Dodge Cornet SuperBee. I asked my dad, he is 100% certain. I knew it was a Dodge, because of the side scoups. I thought it was a Challenger but I didn't remeber the black decal being on the one at the car show, but I remembered it on another Dodge car, but like you I couldn't remeber the name. That is a beautiful piece of metal.
Charger's aren't Super Bees, Coronets are. Coronets and Chargers have pretty much the same body style but one has a decal and one doesn't. Plus there are differences in the motor and things like that. I really don't know that much about them since I'm more of a Ford and Chevy person. But I do love the Charger, it is a beautiful machine.
Look...my point is, even though the Dodge Super Bee was considered a "stand alone" car (meaning a car unto itself" it still had the same body and trim/options as the Chrager. Under all the paint and fancy decals, in heart and soul, it was a charger as has been acceptably documented as one many tinme over.
Avout a year ago, I had the orgasmic honor of getting to sit behind the wheel of one at a local car show. Along with the huge photo album of before and after pictures, the car had three awards. Best Presentation, Best in Show, and Most Accurate Restoration, and this car was papered, badged and even had matching Vin #s as a Dodge Charger Super Bee. It was even painted Hornet Yellow.
About four years ago I got to park my former '66 Mustang and aile over from another one at a car show. This was another documneted, multiple award winning vehicle also documented and presented as a Dodge Charger Super Bee. However, this one was painted Plum Crazy (a color made famous by the Plymoth 'Cuda though Chevy has used the color on some of their older Camaros as well as others, but the color is so slammin it looked hot on the Super Bee).
I am sure the last thing thisd artist wants is people arguing over what car it is.

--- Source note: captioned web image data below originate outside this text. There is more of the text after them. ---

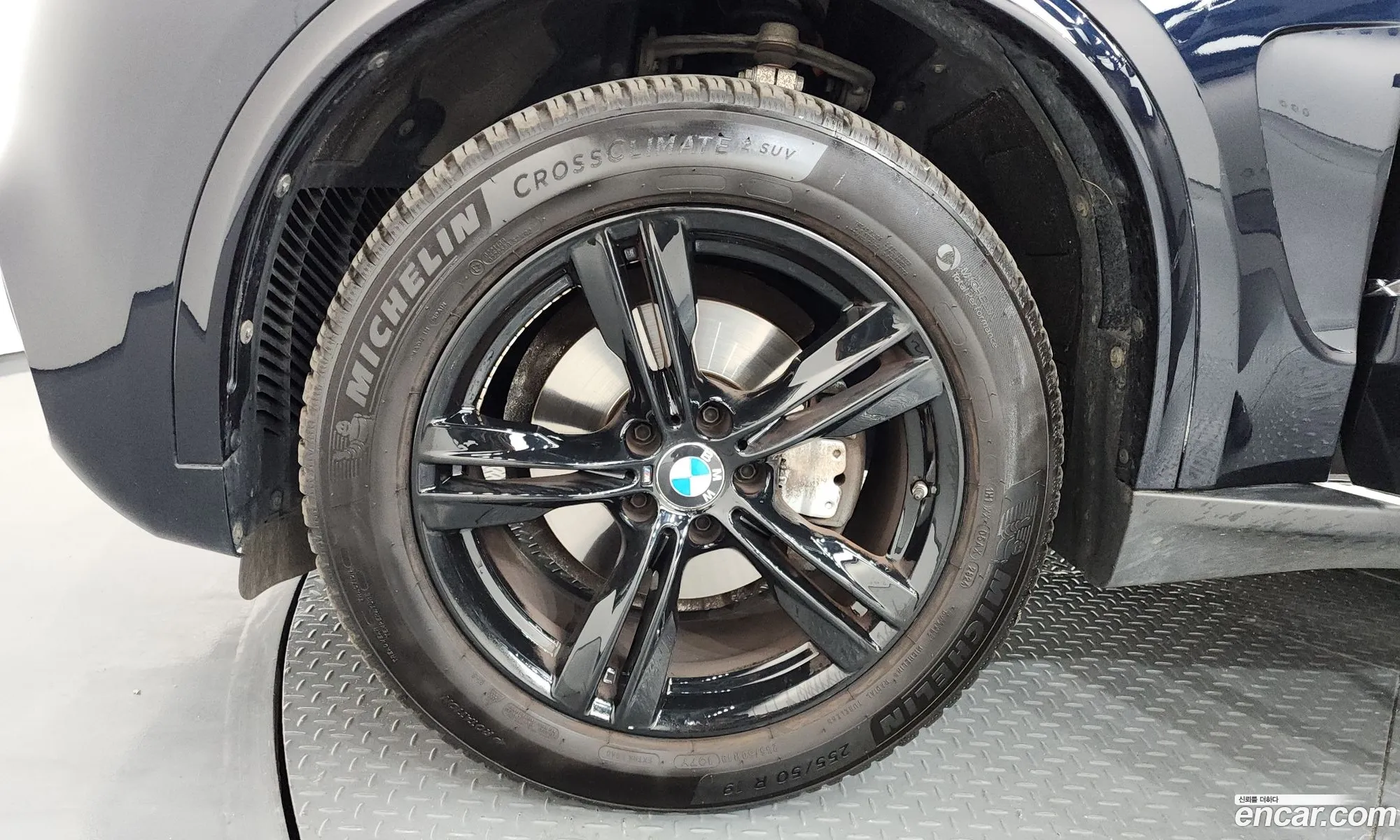 BMW X5 2018 WBAKS4108J0Y70084 — 31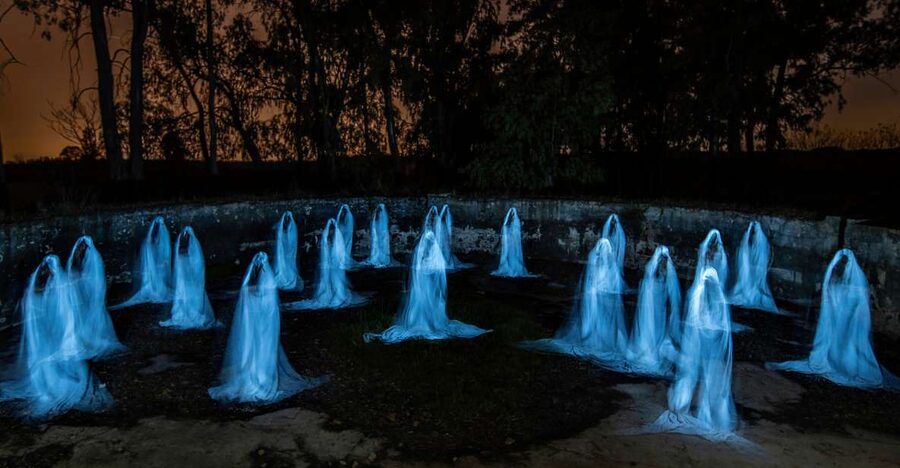 Self Guided Audio Ghost Tour in Savannah in 6 Languages - Six language options for mixed groups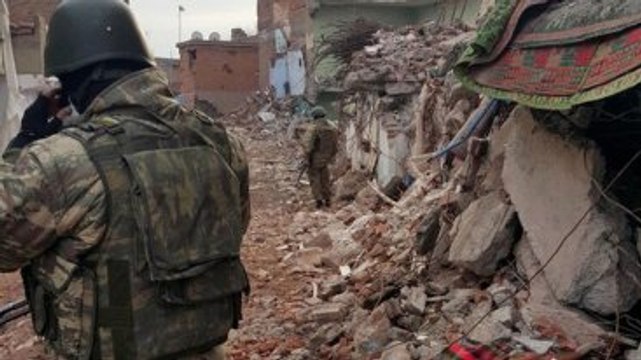 Diyarbakır'da Terör Saldırısı: 1 Asker Şehit Oldu, 4 Asker Yaralandı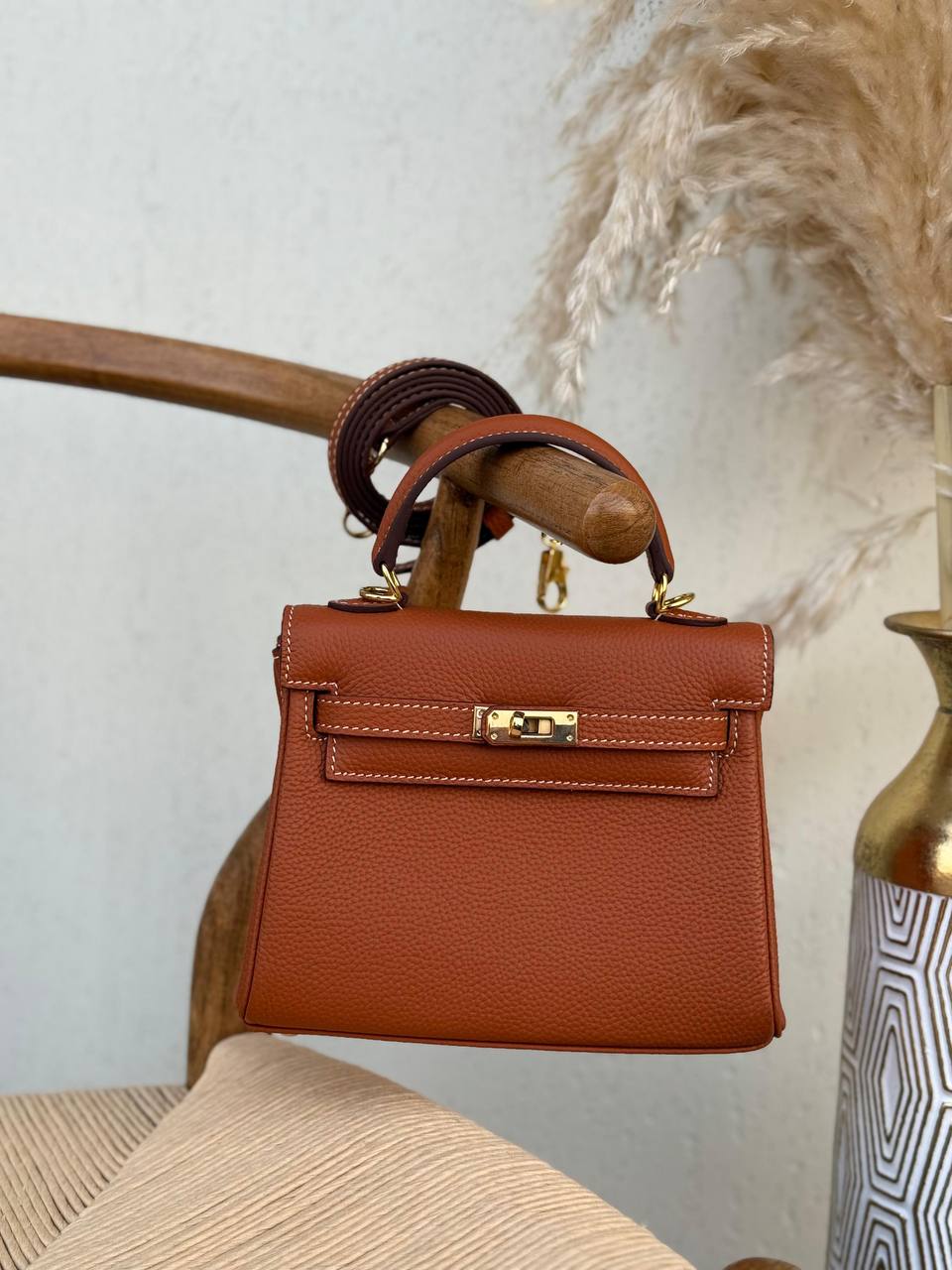 HERMES
20cm
340 dhs💓
Top quality
With box🎁
Zain167
♥️♥️♥️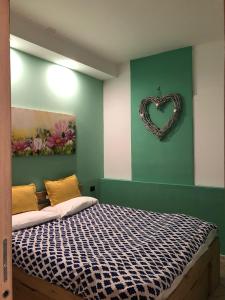 布勒伊-切尔维尼亚切尔维尼亚 - 马特宏峰公寓的卧室配有一张位于墙上的床铺。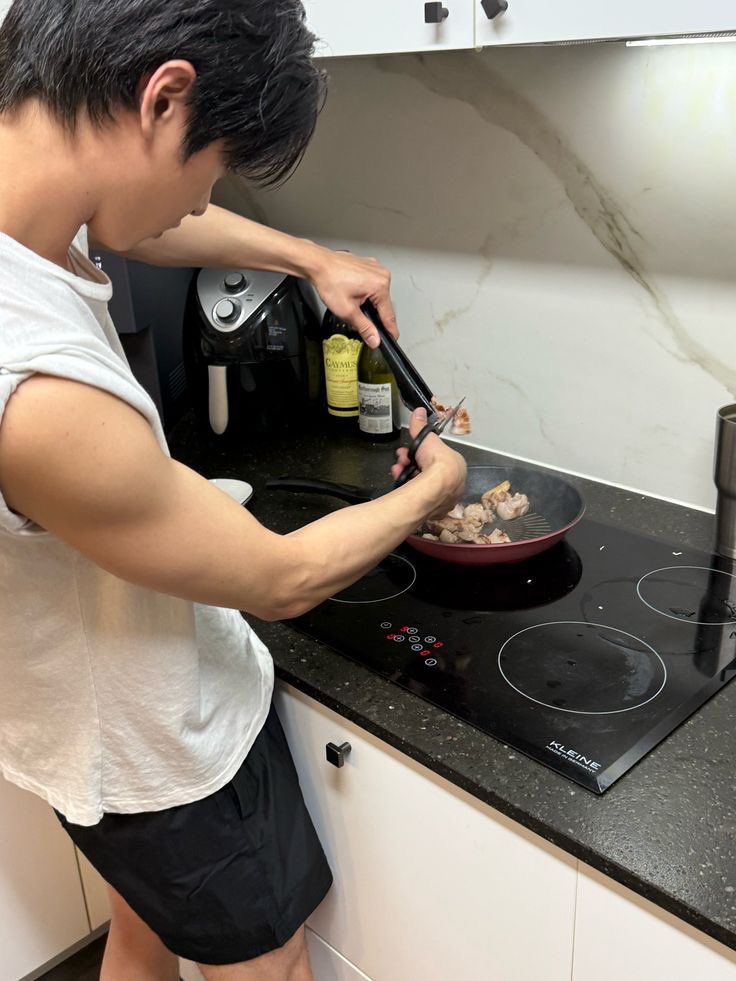 getbootedloser's tweet image. goodmorning my oomfs &amp;amp; oomfettes! 🙂‍↕️ i hope you guys are having a good morning so far because i know i am… #w #eats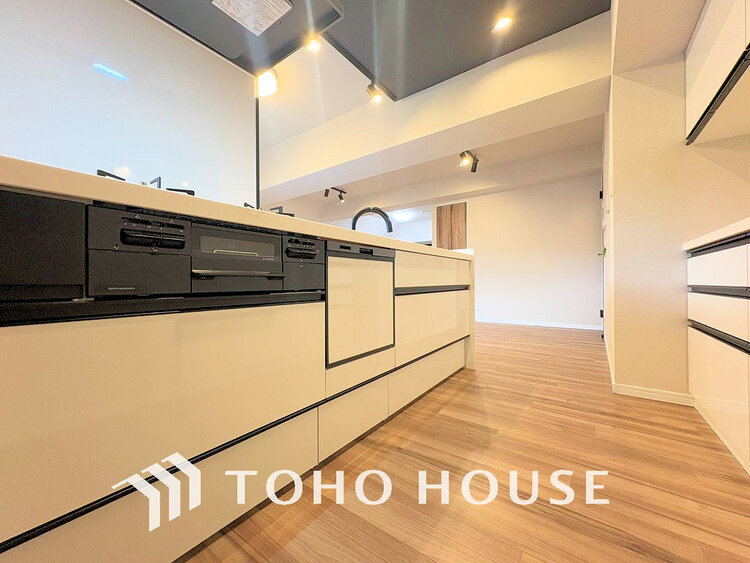 キッチン シンプルな部屋の雰囲気に溶け合うナチュラルキッチン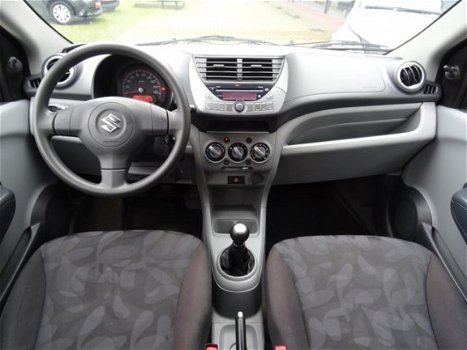 Suzuki Alto - 1.0 Comfort Plus / Meeneemprijs / Airconditioning / Trekhaak / Radio-CD / Electrische - 1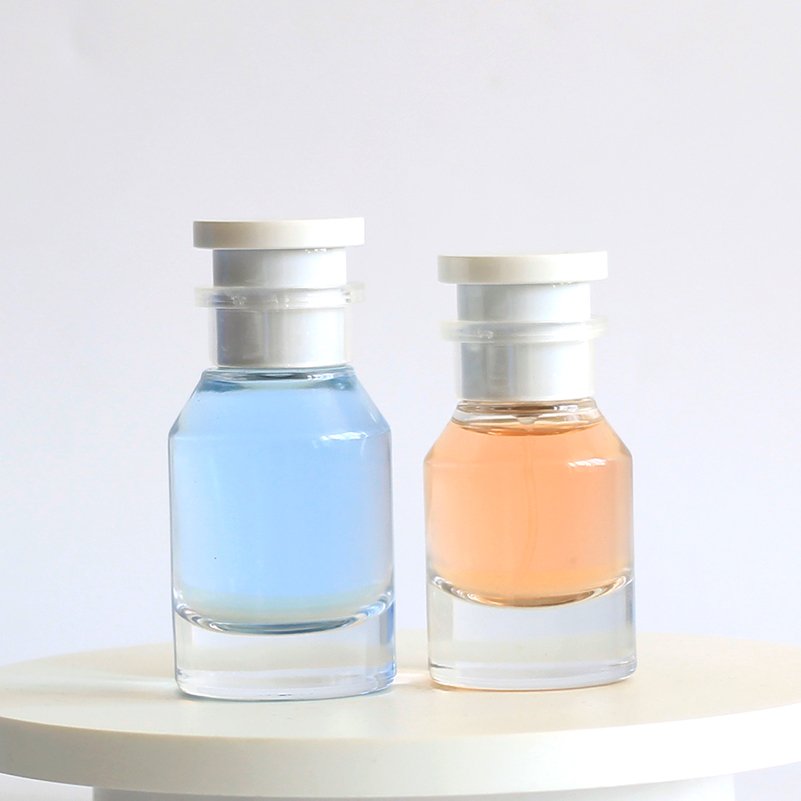 Wholesale Fancy Pperfume Bottles 30ml 50ml 100ml Spray Cap Empty Refill Glass Bottle Perfume With White Cover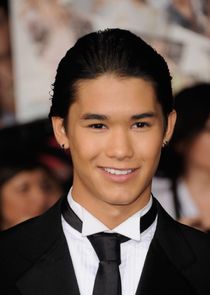 Booboo Stewart
as Vic Lakota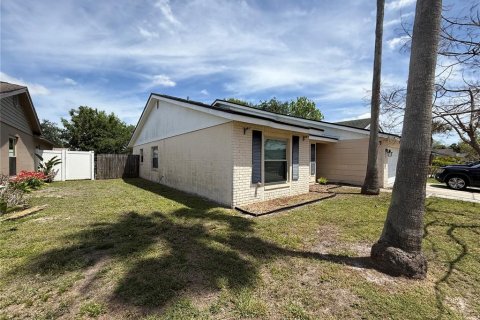 House in Brandon, Florida 3 bedrooms, 156.45 sq.m. № 2095761 - photo 3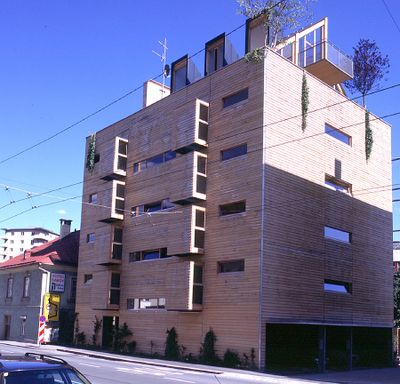 Anerkennung des Landes Tirol für Neues Bauen 1996: Wohnhaus Höttingerau 23a, Innsbruck, 1995-96 (Architektur: Armin Kattan, Martin Schranz, Erich Strolz)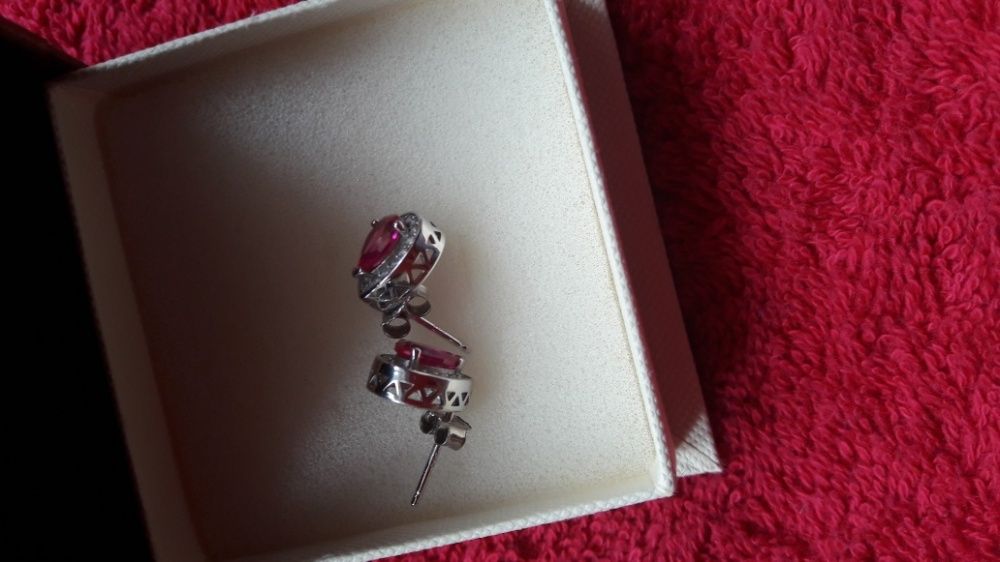 Nowe piękne kolczyki APART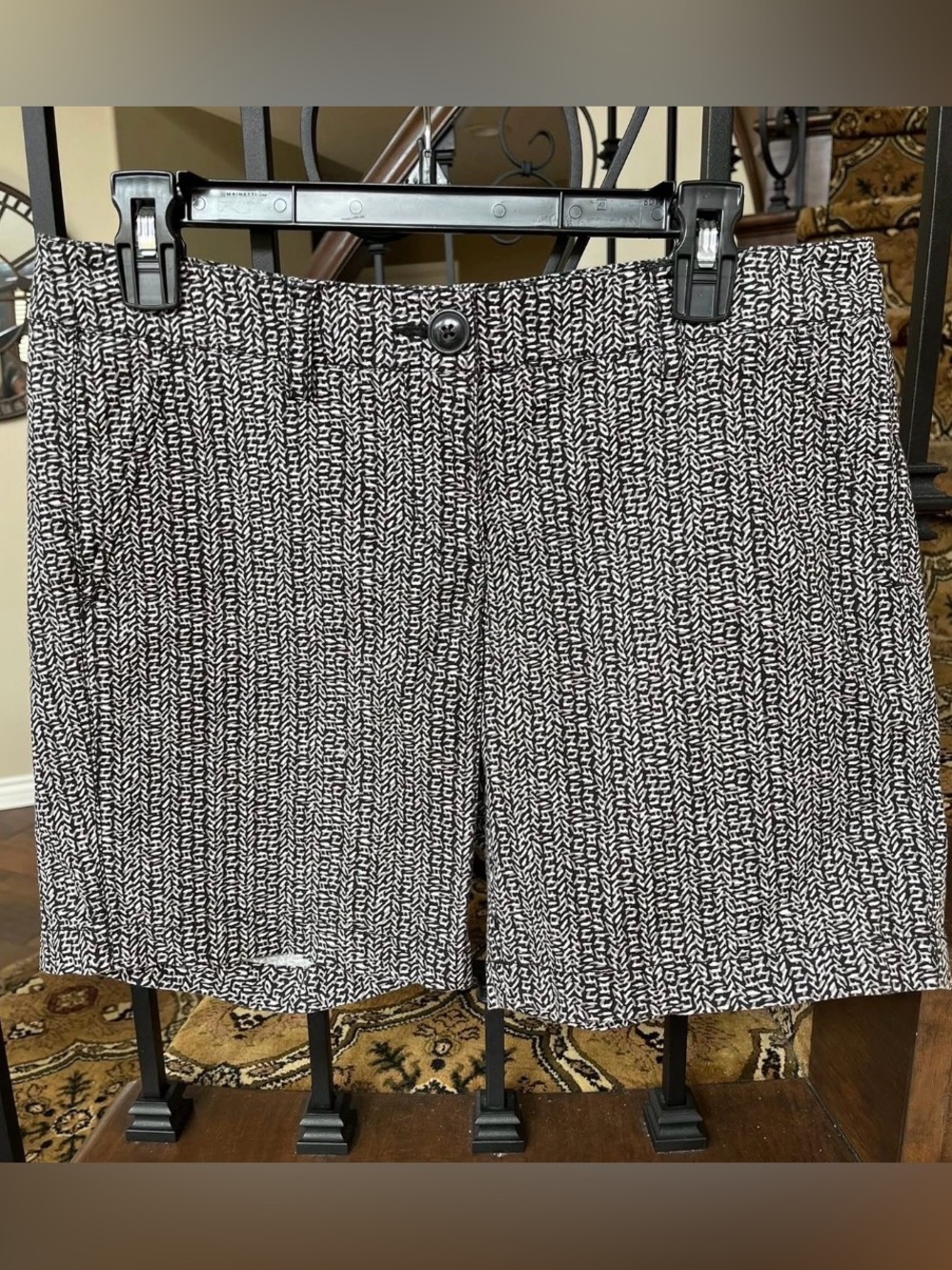 cabi #5246 Heidi Short. EUC. Size 2. 97% cotton, 3% spandex.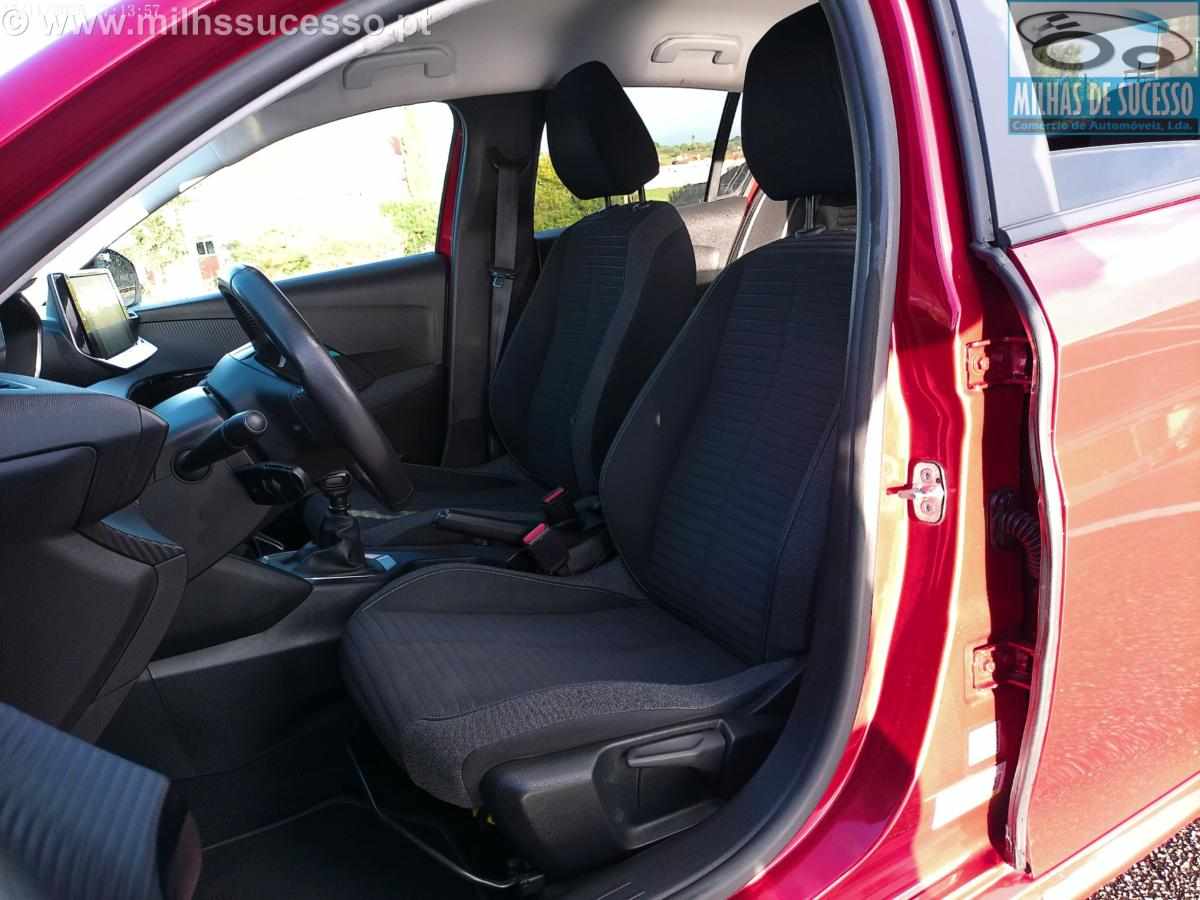 peugeot-208-2021-gasolina-1199cc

Neither you nor I drew it, and you can call it whatever you want, but the fact remains that before the body style was retured in 1974 when Dodge retired it (while it was still on top no less ) under all the titles of a stand-alone car, there wouldn't have been a Super Bee without the Chargers body.
What I was trying to say is, that though it looks like a Charger, acts like a Charger, it is more fancy and decorative than the Charger, unless it is the General Lee ( ), that is what I was trying to say. My dad, now this is a 50 year old guy who spent most of his life under the hood of a car, and his buddy Dale, another 50 year old guy who also spent most of his life undet the damn hood, both yelled at me, in whinny voices "It's a Coronet". I agree it does look exactly like a Charger and the guy on the car program said they used the extra bodies and stuff, but I don't argue with stubborn old German men who have wrenchs in their hands and are working on my truck so I can drive it, but all of the people I know call it a Coronet, it looks like a damn Charger! Also another car that looks like a charger is a 'Cuda (I can tell the difference since Charger has a much more powerful engine) but to deaf men like my father, it is up to the younger generation to tell them it is louder or softer. I know most of the cars by heart since my father has taken to millions of cars shows and I can name about 50 of the stupid cars he's owned or wanted over the years, I just knew it was a Dodge.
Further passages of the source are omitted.